Y sé que por escalada entienden la reacción de la bestia herida, acorralada, pero equipada con armas de destrucción sin precedentes.

Pero, sobre este último punto, un año dedicado a escuchar a las distintas partes, en todos los frentes de Ucrania o más o menos, me ha convencido de dos cosas.

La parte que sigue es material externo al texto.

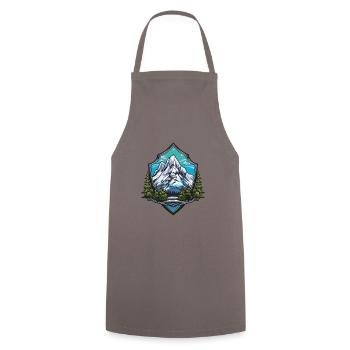 Berge Symbol Wandern Schild - Kochschürze - Grau - Vorne - AI Model Male 185 dark (185cm)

1. Ucrania, que era una potencia nuclear hasta el desastroso Memorando de Budapest, firmado en 1994, y por el que la nación se comprometía a trasladar sus arsenales a territorio ruso, sigue estando llena de expertos que saben de lo que hablan y que, al preguntarles, responden lo mismo: Putin no decide solo; la imagen del dictador con el dedo en el botón, capaz de desencadenar el apocalipsis, es muy ingenua; la cadena de mando en Moscú es de tal magnitud que lanzar un misil implica la participación de cien, quizá doscientas personas, de las cuales por lo menos una veintena tiene el poder de ponerle freno a todo en cualquier momento.

2. Aún más arriesgada que la hipotética locura del perro ladrador, si el chantaje de Putin diera sus frutos y si el miedo que nos infunde nos hiciera concederle ni que fuera una ínfima parte de sus exigencias, sería la certeza de ver a todos sus imitadores, tiranos y tiranillos del planeta, exclamar: "¿Así que solo hacía falta eso? ¿La bomba atómica significa tener carta blanca para todo? ¡Nos lo podrían haber dicho antes! El mundo, de un extremo a otro, por modestos que sean sus medios, cruzará entonces el umbral nuclear. La humanidad estará al borde del suicidio.

Se puede considerar el problema desde todas las perspectivas.

Pero, en el punto en que estamos, Rusia debe ser derrotada.

Y su derrota debe ser, lo repito una vez más, incuestionable, irrefutable, sin paliativos.